The Western economic system, what we now call capitalism, grew out of a Christian culture whose prime focus was individual salvation and the fulfillment of God’s plan.

In the 13th century, the Church declared that only those who voluntarily renounced wealth to become poor were deserving of charity. Renunciation was labeled a sign of rejection of the comforts and temptations of the material world and of a person’s humility before God. The Church designated those who were “just poor” as unworthy of assistance and possibly sinful. Thus, the concept of the deserving poor justified denying most people any form of social support. There was no longer any moral reason for individual Christians or civil institutions to feel obligated to take care of those in need; it became easy to blame people for their poverty as an excuse for not assisting them.

Over the next centuries the European ruling classes ravaged the peasantry with enclosures and drove people off the land into towns and cities where there was little work. In response to peasant protest, poor laws were passed in England and elsewhere to provide basic subsistence for people living in poverty. Joseph Townsend, one of the strongest proponents of eliminating the poor laws wrote, “The Poor Law regime should be removed…because it tends to destroy the harmony and beauty, the symmetry and order of that system, which God and nature have established in the world.”1

Basically he was saying that God’s economy provided a natural incentive to people to work – hunger – and any intervention would only undermine its beauty and purpose. If the government provided for those in need it would hinder their development of the virtues of hard work, frugality and abstinence and promote sloth and immorality.

Protestantism further entrenched these beliefs by emphasizing personal choice and assuming God rewarded (or at least appreciated) hard work and moral behavior (and the more one worked the less time one had for immoral behavior). Enlightenment philosophers contributed to the justification of capitalism by asserting an unregulated (so-called free) market economy would automatically move society toward a prosperous state. A just and benevolent God or, as professor of natural theology and economist Adam Smith put it, an invisible hand virtually guaranteed such a result unless governments interfered.

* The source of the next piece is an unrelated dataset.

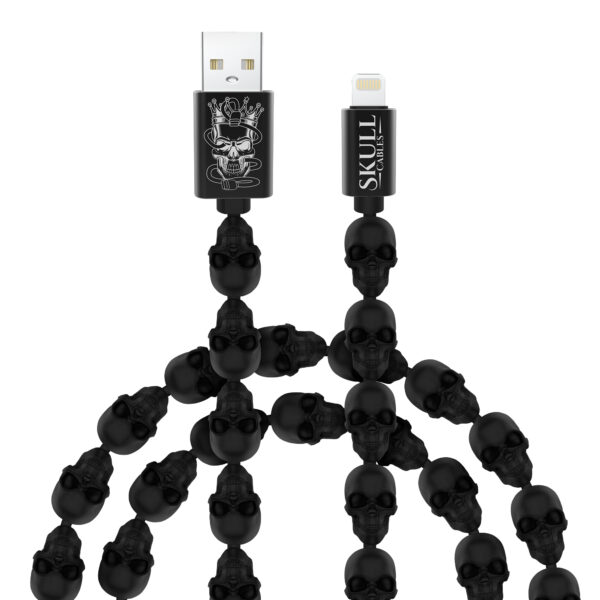 Black Skull Fast Charging USB Charger Cable iPhone 14 13 12 11 Pro Max XS XR X 8 7 6 - Image 5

The other lynchpin of our Christian/capitalist economic system is the theory of the rational economic actor. Based on an imagined white Christian male who makes rational choices in the marketplace, this model is used to justify economic policies. The economic actor is the same as the individual moral actor in dominant Christianity: completely independent, self-centered and without dependents. If he makes bad choices, the fault lies only with him, not with the socially and economically constructed choices he may face.

Today, personal discipline, rational choice and the morality of the market are still highly touted by popular economists such as Frederick Hayek, who wrote in his article, “”The Moral Imperative of the Market,”…people must be willing to submit to the discipline constituted by commercial morals.” Such statements reinforce beliefs about individualism, hierarchy and discipline in economic language.2

Despite long-standing historical evidence that an unregulated economy leads to widespread poverty, harsh working conditions, consolidation of wealth and power and severe levels of environmental degradation, such an economy continues to be championed by many as a natural and progressive system that grants everyone the equal opportunity, i.e. choice, to succeed or fail in the market. It inevitably benefits everyone who works hard and punishes those who don’t.

In the US we live in a vast, interdependent economic system in which the concentration of wealth among the few produces environmental destruction, shorter life spans and deteriorating health for rich and poor alike – a quality of life that lags considerably behind almost all other over-developed countries. Our challenge is to reject long-standing and punitive dominant Christian morals by envisioning and building an economic system that distributes wealth based on mutual support, cooperation and a commitment to meet people’s basic needs.

Resources

[1] David Noble, Beyond the Promised Land, p. 100.

[2] Quoted in Jay Youngdahl. “The Fuzziness of Human Rights: On the anniversary of its legal birth, the concept is losing its interpretive luster.” East Bay Express, March 4-10, 2009. p. 5. [online]. [cited December 12, 2012]. eastbayexpress.com/ebx/the-fuzziness-of-human-rights/Content?oid=1176832.